Na história, a enfermeira, que se casou com Samuel (Eriberto Leão) sem saber que ele é gay, descobriu o caso do marido com Cido (Rafael Zulu). Mesmo depois disso, Suzy continuou tentando reconquistar o médico. E acabou tendo sucesso. Segundo a atriz, os telespectadores estão divididos acerca do desfecho:

– Tem gente que quer ver o casal (Suzy e Samuel) junto e adora quando eu faço as maldades com o Cido. Mas também existem muitas pessoas que me dizem para partir para outra e ficar com o médico bonitão. E ainda tem um grupo que deseja que a família fique unida: Adinéia (Ana Lúcia Torre), Suzy, Samuel, Cido… Eu procuro não criar expectativas. Torço para que ela tenha um bom final e entenda que o amor mais pleno é querer ver o outro feliz.

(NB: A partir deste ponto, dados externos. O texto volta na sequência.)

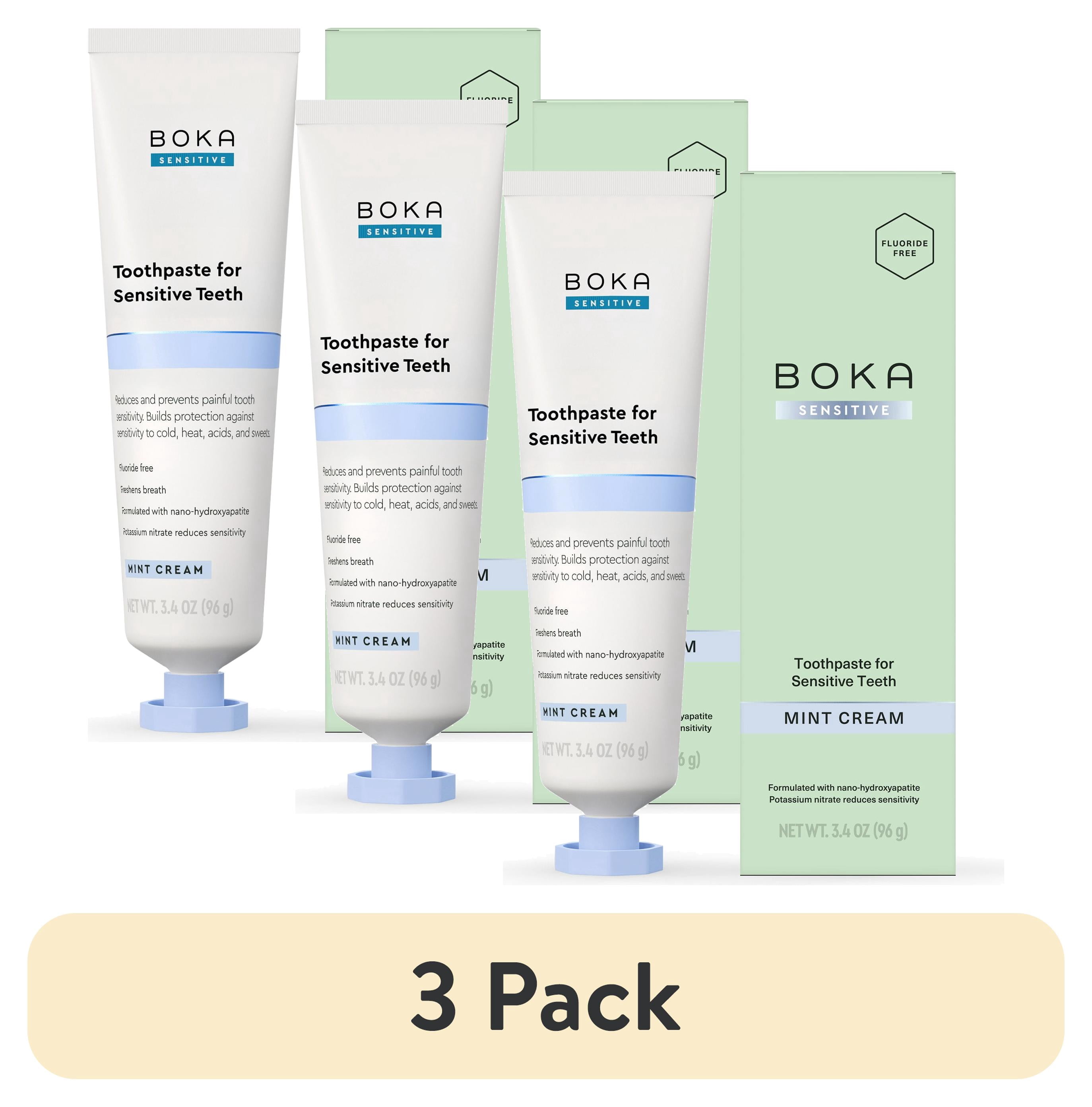 (3 pack) Boka Fluoride Free Sensitive Toothpaste, Nano Hydroxyapatite Toothpaste, Mint Cream Flavor - 3.4oz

Apesar de nunca ter passado pelas situações vivenciadas pela personagem, Ellen acredita que agiria de maneira diferente:

– Eu acho que não prolongaria essa situação se descobrisse que estava namorando um homossexual. Até porque, com essa decisão, ajudaria a pessoa no processo de aceitação. A mentira aprisiona e a verdade liberta. Em relação a traição, eu não sei o que faria, cada caso é um caso. Por mais que eu seja alguém que perdoe, isso não significa que eu iria continuar com a pessoa. Um relacionamento precisa de admiração, respeito e confiança. Se um desses for quebrado, fica difícil continuar.

Recentemente, a personagem deu à luz uma menina. A atriz conta que a trama deixou mais forte seu desejo de ter filhos:

– Foi a primeira vez em que eu vivi uma mãe na TV e carreguei uma barriga tanto tempo. A gente brinca dizendo que a bebê que faz as cenas comigo já é uma atriz. Na sequência do parto, ela parou de chorar bem na hora de gravar, quando veio para o meu colo. Ela é tão mágica que até desperta uma vontade de criar uma coisa fofa na vida real. A maternidade é um dom, um milagre. Eu sempre quis ser mãe, apesar de isso nunca ter estado latente. Quem sabe mais para frente? Sempre sonhei mais encontrar o amor da minha vida e construir uma família do que necessariamente ter um filho. Mas, se a vida me permitir, quero gerar uma criança. Acho que vou ser uma mãe babona.